A FINE crisp morning, a little cooler than usual, and a slight scattering of leaves on the path, all seem to say “It’s September now; the long leisure of summer is gone. Look! The Granta hurries a little faster on her journey into Cambridge, the apples are round and full enough to leave the tree. You, too, should quicken your step, put aside your summer meanderings, pick up some motion, excitement, and purpose from these first swift rushes of the west wind, the ‘breath of autumn’s being’, and be stirring about your business, getting on with your life.”
It’s strange how meaning seems to flow back and forth between ourselves and the scenes we observe, how the internal weather seems to seep into the outer, and the outer into the inner. Do these stirrings and renewal of purpose in my mind and heart come out from me to clothe and interpret all I see? Or do the stirrings and changes in nature herself breathe and speak into me, to change my mind and heart?
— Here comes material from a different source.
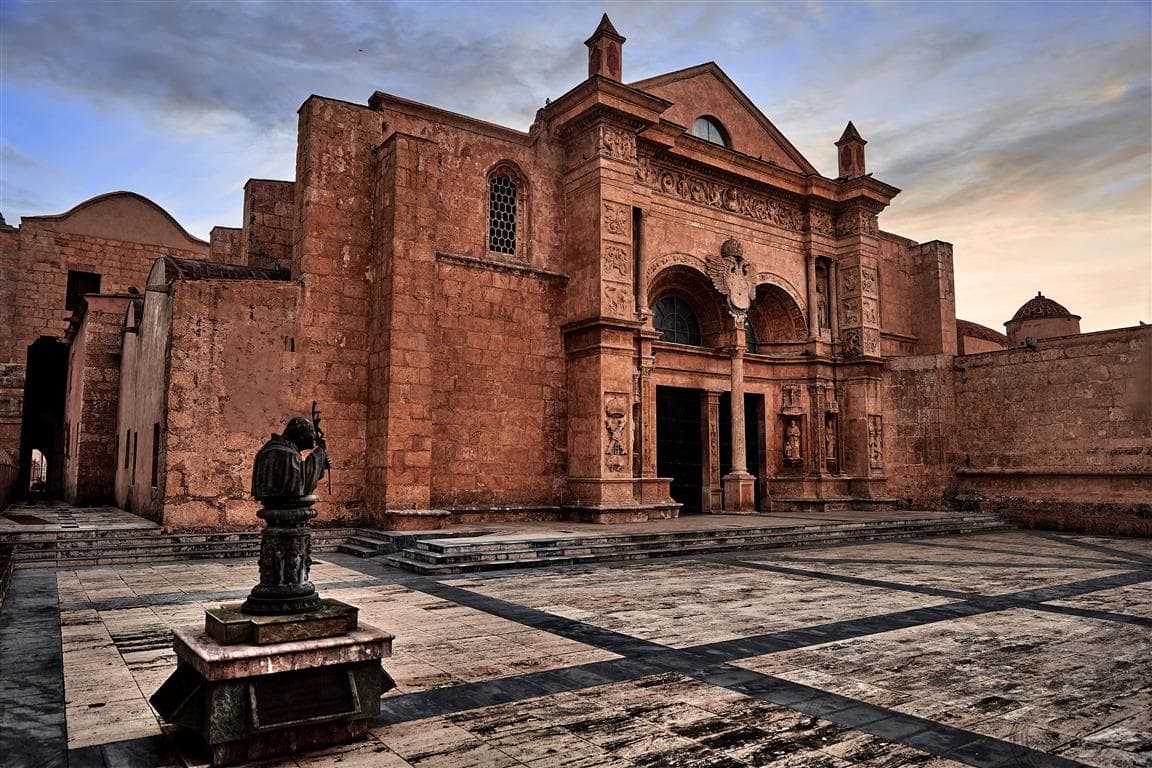 Catedral de Santo Domingo - Historia de República Dominicana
Coleridge certainly experienced this exchange in both directions, and reflected deeply on both experiences. In “Frost at Midnight”, he invites us to recognise the glories of nature around us as
The lovely shapes and sounds intelligible,
Of that eternal language, which thy God
Utters. . .
But, later, in his poem “Dejection: An ode”, he experienced it the other way round:
O Lady! we receive but what we give,
And in our life alone does Nature live. . .
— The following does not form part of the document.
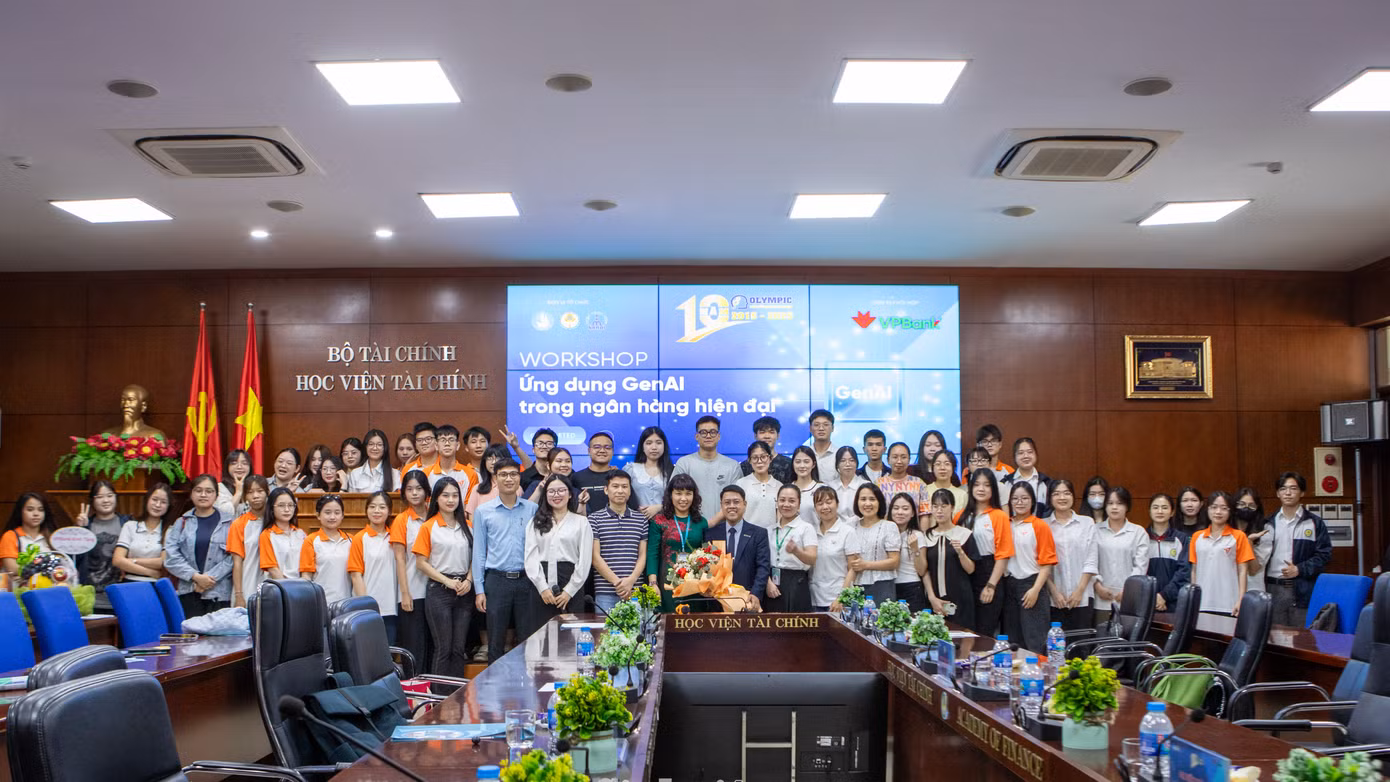 Workshop có sự tham dự của bà Vũ Hương Giang, đại diện Ngân hàng Thương mại Cổ phần Việt Nam Thịnh Vượng (VPBank); Tiến sĩ Đoàn Quang Hưng (Trường Đại học Ngoại thương). Về phía Học viện Tài chính, có sự hiện diện của PGS. TS Nguyễn Mạnh Thiều, Phó Giám đốc Học viện Tài chính; Nhà giáo Ưu tú, PGS. TS Trương Thị Thủy, Phó Giám đốc Học viện (tham dự trực tuyến) cùng đông đảo lãnh đạo các khoa, phòng ban và sinh viên.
Ah! from the soul itself must issue forth
A light, a glory, a fair luminous cloud. . .
But, either way, there is an exchange of meaning, a kind of enlightenment, some sense in which what’s “out there” tells us a little more about what’s “in here”, articulates what’s unspoken, makes visible what’s invisible. And, at the same time, all that is “in here” — all the memory and experience we carry — enables us to see the world “out there” as so much more than a mere agglomeration of physical stuff, but rather as something alive with truth and mystery.
I’ve recently been reading a new volume of poetry, Eye of the Beholder, by the American poet Luci Shaw. She has a wonderful poem in that collection called “Bird Psalm,” in which she reflects with great clarity and precision on both sides of this experience. The poem starts with the sound of birdsong just before dawn:
Early light, before
sun, and I hear an unknown bird
singing his morning syllables —
pitiful, pitiful, pitiful — in a voice
too plaintive to be believed.
She goes on to describe birds as “music with feathers”, but confesses that, although she senses meaning, she may not have heard deeply enough to understand it:
. . . We pick up clues
but translation depends on our
willingness to hear, to listen.
And then, in the final verse, she opens herself, and her reader, to a new possibility, a new interpretation of the experience, in which she sets aside her own preoccupations and hears the bird-psalm differently:
Maybe
I’ve let last night’s bad dream
misinterpret his message.
Maybe he’s telling me this new day is
beautiful, beautiful, beautiful.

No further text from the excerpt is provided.